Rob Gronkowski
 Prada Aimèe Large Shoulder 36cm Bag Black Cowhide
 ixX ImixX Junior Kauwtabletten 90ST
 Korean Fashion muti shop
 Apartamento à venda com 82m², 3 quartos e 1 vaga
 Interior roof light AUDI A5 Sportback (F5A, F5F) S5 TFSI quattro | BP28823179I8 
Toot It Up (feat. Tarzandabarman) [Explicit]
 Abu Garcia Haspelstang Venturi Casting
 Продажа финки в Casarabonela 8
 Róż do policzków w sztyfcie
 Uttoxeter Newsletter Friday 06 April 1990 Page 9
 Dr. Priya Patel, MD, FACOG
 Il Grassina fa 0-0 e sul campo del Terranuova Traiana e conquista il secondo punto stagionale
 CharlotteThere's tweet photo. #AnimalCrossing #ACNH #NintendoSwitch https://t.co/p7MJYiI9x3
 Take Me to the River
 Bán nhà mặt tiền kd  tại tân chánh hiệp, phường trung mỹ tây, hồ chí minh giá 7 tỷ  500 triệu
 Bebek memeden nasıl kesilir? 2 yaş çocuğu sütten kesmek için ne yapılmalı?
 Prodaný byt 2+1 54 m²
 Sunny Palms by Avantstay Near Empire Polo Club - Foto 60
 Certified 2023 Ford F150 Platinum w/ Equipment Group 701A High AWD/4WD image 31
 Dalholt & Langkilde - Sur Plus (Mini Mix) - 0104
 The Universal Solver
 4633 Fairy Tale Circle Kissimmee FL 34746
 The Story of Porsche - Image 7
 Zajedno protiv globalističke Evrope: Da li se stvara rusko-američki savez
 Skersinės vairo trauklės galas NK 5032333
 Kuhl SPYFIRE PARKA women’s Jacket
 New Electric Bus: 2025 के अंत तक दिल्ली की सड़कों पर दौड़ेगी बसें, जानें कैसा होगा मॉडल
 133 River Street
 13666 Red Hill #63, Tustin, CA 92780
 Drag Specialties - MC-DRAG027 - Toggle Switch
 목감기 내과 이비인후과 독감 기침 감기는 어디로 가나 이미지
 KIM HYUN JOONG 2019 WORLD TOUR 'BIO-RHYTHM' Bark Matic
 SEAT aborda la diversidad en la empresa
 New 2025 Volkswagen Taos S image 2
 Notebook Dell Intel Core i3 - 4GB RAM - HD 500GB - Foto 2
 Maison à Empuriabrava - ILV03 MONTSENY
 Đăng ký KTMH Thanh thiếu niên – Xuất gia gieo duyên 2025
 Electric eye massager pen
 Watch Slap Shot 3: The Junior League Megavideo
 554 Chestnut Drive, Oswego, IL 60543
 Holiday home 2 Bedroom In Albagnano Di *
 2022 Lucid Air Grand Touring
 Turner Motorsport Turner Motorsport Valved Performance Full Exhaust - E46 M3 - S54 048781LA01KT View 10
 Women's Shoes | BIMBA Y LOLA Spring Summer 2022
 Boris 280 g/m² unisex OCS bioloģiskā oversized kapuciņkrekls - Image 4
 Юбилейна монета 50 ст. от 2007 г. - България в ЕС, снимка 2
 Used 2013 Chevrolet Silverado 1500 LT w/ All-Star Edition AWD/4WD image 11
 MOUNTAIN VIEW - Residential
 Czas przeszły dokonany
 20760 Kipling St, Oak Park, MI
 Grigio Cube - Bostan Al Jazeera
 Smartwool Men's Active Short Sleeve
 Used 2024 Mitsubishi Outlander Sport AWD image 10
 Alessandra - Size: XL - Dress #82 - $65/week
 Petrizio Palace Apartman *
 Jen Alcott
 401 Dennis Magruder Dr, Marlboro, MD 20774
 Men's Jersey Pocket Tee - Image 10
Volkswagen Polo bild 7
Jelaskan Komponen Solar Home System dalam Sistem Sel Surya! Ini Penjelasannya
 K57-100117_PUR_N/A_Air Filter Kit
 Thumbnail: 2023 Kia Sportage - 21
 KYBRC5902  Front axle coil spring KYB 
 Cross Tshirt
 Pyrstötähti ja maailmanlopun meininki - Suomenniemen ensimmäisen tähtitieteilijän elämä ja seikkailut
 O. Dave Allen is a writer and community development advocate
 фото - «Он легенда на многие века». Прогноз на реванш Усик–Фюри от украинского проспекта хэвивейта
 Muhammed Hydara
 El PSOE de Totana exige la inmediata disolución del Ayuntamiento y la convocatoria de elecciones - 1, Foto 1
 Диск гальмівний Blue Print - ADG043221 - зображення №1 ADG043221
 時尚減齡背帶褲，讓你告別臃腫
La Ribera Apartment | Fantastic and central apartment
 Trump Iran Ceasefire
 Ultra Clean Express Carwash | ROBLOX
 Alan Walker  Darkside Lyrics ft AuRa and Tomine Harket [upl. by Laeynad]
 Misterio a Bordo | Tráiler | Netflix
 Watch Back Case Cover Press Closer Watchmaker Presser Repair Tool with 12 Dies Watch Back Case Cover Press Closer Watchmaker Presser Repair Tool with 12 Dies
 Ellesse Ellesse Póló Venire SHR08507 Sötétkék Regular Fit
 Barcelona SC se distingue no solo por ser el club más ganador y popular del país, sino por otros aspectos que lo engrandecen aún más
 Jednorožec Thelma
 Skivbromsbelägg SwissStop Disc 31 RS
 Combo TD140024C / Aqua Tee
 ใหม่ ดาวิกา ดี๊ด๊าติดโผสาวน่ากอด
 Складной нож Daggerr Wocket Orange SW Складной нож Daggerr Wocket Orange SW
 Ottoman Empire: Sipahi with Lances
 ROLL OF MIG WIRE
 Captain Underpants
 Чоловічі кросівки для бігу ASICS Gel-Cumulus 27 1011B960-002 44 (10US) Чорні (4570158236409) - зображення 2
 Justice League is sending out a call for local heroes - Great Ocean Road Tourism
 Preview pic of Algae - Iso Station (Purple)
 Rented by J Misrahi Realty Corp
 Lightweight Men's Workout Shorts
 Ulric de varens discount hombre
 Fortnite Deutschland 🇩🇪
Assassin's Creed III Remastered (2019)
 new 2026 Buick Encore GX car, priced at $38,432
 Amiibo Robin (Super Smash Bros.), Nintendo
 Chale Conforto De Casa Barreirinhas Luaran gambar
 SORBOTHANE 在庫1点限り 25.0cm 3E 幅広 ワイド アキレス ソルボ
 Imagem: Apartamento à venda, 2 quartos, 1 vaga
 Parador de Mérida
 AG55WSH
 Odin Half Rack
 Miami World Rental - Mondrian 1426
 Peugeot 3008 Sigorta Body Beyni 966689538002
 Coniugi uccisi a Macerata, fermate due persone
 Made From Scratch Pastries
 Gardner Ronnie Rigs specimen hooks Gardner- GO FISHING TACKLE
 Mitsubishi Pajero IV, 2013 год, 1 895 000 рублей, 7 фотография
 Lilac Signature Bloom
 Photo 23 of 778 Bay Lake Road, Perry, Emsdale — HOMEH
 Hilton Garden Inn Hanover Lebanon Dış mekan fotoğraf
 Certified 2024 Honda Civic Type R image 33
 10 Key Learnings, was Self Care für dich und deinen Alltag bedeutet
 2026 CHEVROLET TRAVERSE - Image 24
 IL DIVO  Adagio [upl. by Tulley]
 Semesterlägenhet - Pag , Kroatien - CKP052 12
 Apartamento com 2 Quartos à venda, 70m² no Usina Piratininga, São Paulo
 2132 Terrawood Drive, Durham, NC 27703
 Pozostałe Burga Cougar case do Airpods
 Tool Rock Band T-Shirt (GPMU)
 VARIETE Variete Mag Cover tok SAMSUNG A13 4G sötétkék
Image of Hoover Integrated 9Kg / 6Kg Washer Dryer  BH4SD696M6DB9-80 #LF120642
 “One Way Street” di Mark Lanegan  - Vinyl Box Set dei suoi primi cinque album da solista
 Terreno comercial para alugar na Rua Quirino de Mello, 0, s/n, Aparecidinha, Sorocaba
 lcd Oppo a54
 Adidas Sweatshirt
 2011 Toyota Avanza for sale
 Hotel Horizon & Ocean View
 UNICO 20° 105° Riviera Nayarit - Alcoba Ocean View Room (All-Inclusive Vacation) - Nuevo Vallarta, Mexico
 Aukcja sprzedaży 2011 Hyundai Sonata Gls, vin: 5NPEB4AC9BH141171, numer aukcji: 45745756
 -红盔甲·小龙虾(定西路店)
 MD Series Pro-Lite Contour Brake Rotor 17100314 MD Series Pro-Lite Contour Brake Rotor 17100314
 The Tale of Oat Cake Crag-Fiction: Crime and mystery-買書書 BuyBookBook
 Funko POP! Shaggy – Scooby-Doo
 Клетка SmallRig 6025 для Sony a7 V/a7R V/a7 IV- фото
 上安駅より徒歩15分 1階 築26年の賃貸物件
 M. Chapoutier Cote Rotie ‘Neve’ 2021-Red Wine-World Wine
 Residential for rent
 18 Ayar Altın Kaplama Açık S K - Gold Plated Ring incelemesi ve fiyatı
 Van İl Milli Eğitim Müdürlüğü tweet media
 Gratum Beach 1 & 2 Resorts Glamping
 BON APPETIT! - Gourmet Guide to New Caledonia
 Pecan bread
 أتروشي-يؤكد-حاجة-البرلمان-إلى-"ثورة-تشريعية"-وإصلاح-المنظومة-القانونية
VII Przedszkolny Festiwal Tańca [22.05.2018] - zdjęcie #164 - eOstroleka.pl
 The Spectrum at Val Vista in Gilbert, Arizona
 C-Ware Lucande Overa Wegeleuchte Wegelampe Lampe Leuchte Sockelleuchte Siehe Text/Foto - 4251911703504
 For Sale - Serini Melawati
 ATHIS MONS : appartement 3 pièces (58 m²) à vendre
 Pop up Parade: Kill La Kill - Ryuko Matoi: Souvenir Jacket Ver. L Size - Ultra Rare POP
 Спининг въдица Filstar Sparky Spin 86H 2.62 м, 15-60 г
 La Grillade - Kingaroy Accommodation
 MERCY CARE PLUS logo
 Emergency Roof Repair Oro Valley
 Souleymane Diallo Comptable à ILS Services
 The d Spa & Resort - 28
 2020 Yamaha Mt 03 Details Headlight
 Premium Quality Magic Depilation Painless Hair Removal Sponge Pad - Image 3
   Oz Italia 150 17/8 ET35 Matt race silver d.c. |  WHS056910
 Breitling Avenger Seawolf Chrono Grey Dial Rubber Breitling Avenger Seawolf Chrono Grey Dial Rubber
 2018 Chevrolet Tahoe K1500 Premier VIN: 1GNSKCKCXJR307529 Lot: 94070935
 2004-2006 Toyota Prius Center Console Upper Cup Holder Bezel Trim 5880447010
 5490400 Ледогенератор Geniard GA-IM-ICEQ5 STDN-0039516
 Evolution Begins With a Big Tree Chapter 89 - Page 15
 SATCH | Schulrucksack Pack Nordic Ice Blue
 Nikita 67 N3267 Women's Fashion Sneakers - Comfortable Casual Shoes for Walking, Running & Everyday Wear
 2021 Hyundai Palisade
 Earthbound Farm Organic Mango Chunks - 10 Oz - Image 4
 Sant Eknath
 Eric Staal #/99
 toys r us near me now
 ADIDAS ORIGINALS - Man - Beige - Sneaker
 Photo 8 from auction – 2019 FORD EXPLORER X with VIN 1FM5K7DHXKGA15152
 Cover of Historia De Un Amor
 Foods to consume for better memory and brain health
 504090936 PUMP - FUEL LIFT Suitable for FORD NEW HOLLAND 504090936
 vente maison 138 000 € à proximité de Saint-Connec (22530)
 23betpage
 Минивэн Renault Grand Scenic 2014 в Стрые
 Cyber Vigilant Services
::::::::
### Directions
Here the job is to set down exactly the lines of the material above that fall between the one with "Kuhl SPYFIRE PARKA women’s Jacket" and the one with "MOUNTAIN VIEW - Residential", inclusive, and nothing beyond them.

### Output of the exercise
 Kuhl SPYFIRE PARKA women’s Jacket
 New Electric Bus: 2025 के अंत तक दिल्ली की सड़कों पर दौड़ेगी बसें, जानें कैसा होगा मॉडल
 133 River Street
 13666 Red Hill #63, Tustin, CA 92780
 Drag Specialties - MC-DRAG027 - Toggle Switch
 목감기 내과 이비인후과 독감 기침 감기는 어디로 가나 이미지
 KIM HYUN JOONG 2019 WORLD TOUR 'BIO-RHYTHM' Bark Matic
 SEAT aborda la diversidad en la empresa
 New 2025 Volkswagen Taos S image 2
 Notebook Dell Intel Core i3 - 4GB RAM - HD 500GB - Foto 2
 Maison à Empuriabrava - ILV03 MONTSENY
 Đăng ký KTMH Thanh thiếu niên – Xuất gia gieo duyên 2025
 Electric eye massager pen
 Watch Slap Shot 3: The Junior League Megavideo
 554 Chestnut Drive, Oswego, IL 60543
 Holiday home 2 Bedroom In Albagnano Di *
 2022 Lucid Air Grand Touring
 Turner Motorsport Turner Motorsport Valved Performance Full Exhaust - E46 M3 - S54 048781LA01KT View 10
 Women's Shoes | BIMBA Y LOLA Spring Summer 2022
 Boris 280 g/m² unisex OCS bioloģiskā oversized kapuciņkrekls - Image 4
 Юбилейна монета 50 ст. от 2007 г. - България в ЕС, снимка 2
 Used 2013 Chevrolet Silverado 1500 LT w/ All-Star Edition AWD/4WD image 11
 MOUNTAIN VIEW - Residential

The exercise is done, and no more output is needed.